For those suggesting there is something bigger going on with the daughter, there could be of course, but...
Obviously things have moved on in terms of parenting ideas and approaches but, parenting approaches used to broadly fall into 3 approaches (and probably still do really they're just given diffeent names now) authoritarian, authoritative and permissive.
Authoritarian - little freedom, little flexibility, do want I say, no questions asked. Overly harsh unrelated consequences.
Authoritative - boundaries. Children have some freedom to make decisions and are heard and learn to make good choices but ultimately the parent is in control. Natural consequences.

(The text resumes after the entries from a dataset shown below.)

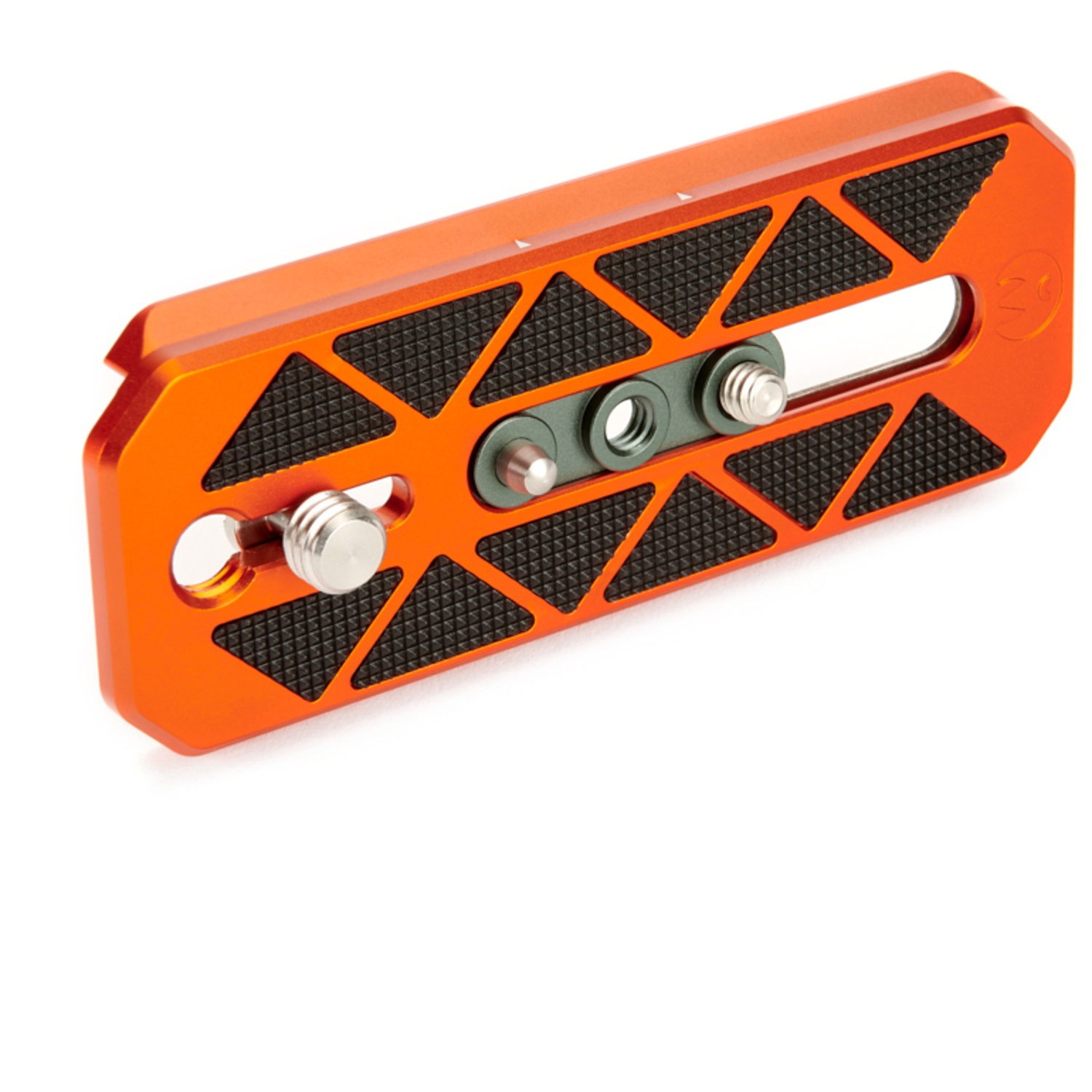 3 Legged Thing QR CINE-V Plate Manfrotto Style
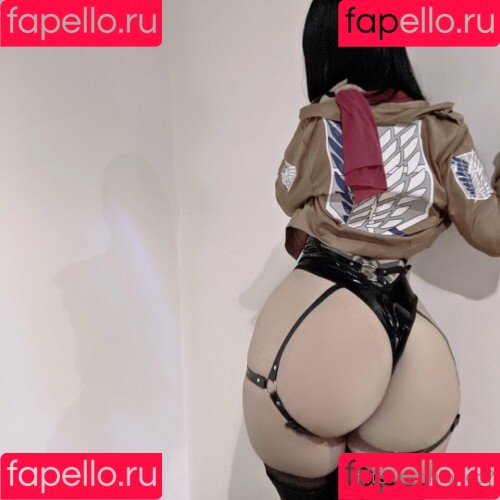 Hyoog Onlyfans Photo Gallery 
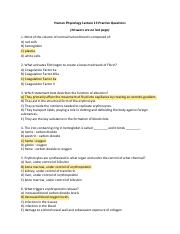 2010U LecPractice__Questions.pdf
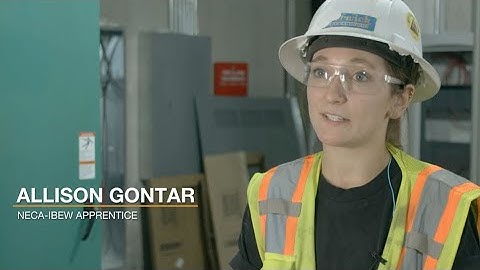 Workforce Development: Apprenticeship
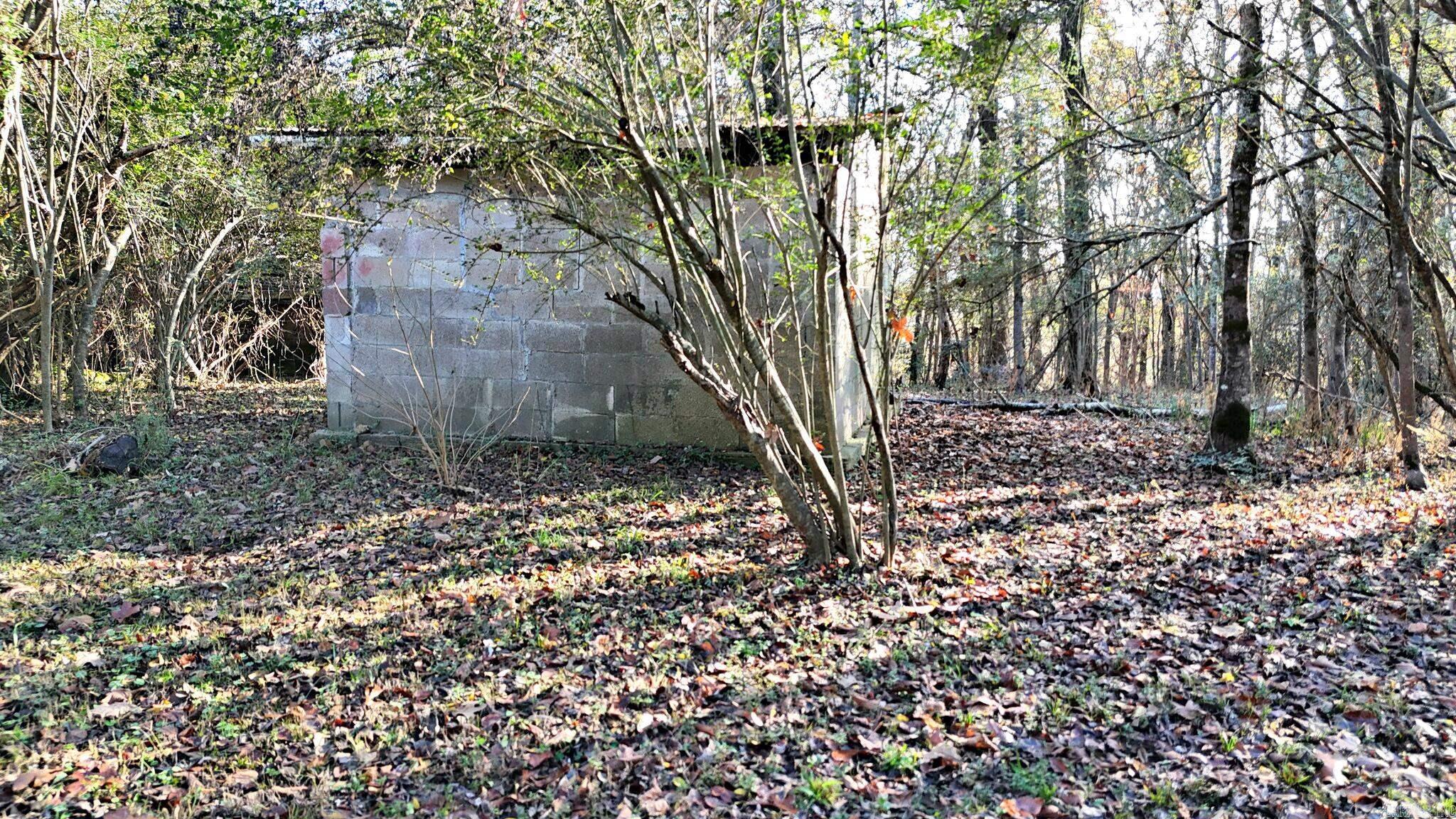 Highland - Residential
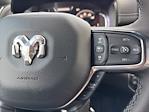 2026 Ram 1500 Crew Cab 4WD Pickup for sale #R6695 - photo 18
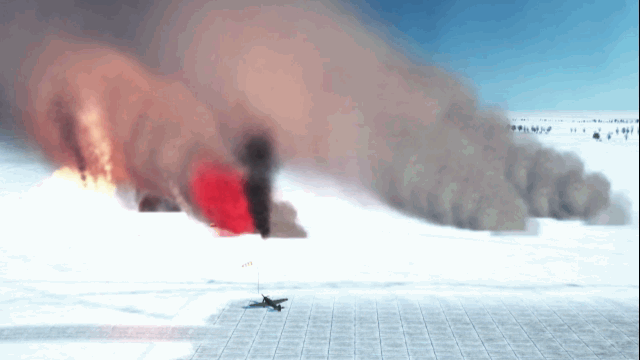 Smoke.gif.70c8b63eca6f13de011d5e21c1722f9e.gif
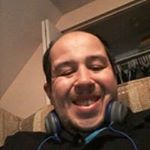 Profile Picture of Mark Rosenbaum (@bcjgodfather) on Instagram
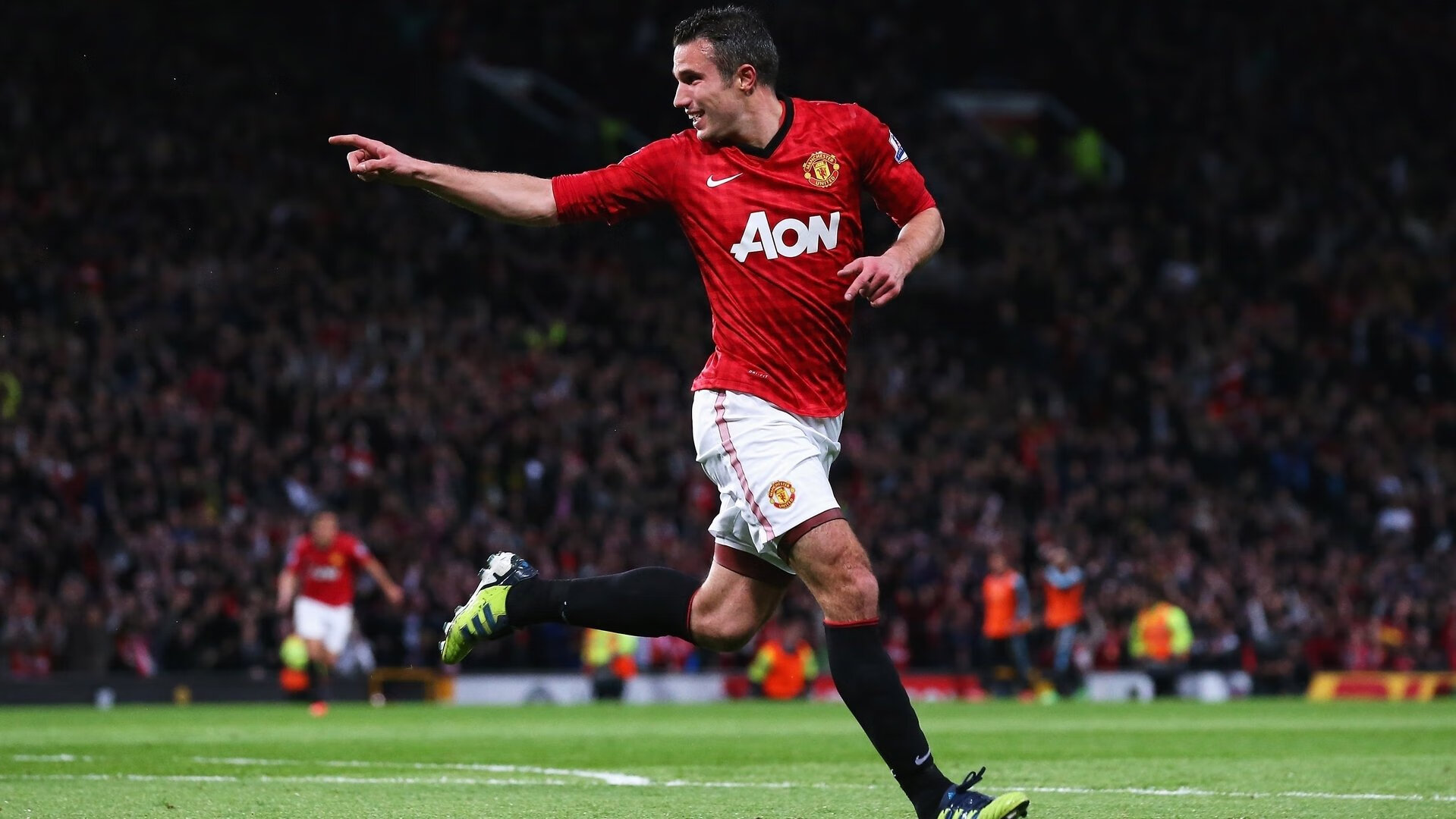 阿什拉夫冠军级表现撕裂防线,委内瑞拉高效压制智利展现黑马本色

Permissive - children can do what they want. No boundaries. No consequences.
Sheep analogy...
Authoritarian - a sheep in a tiny pen, can't move. Can't turn round. Can't easily do anything without someone else's permission. Sheep is restricted and doesn't have chance to exercise or make any choices for itself. It never learns how to manage itself so, when let out of the pen, goes a bit wild.
Authoritative - sheep is in an appropriately sized pen. It has freedom to move and walk and go from one side to the other. But it can always see the fence. It knows where the boundaries are. It learns.
Permissive - sheep is in a big, wide field. There is no fence and so no boundaries. Whilst it initially feels great to the sheep, it doesn't know how far it can stray, if it's gone too far, when it needs to come back, how to get back. There is no sense of safety or boundaries because there are none.
Not explained brilliantly because no one wants to read an essay!
But the OP's daughter is likely to be behaving so badly because she's trying to (even subconsciously) find out where the boundaries are. Boundaries show children that they are loved and cared about by someone who wants to keep them physically, emotionally and mentally safe. She doesn't feel that because it doesn't exist in her world. So her behaviour becomes more extreme and unfathomable (at 12 that might look like pointlessly throwing compost into the house).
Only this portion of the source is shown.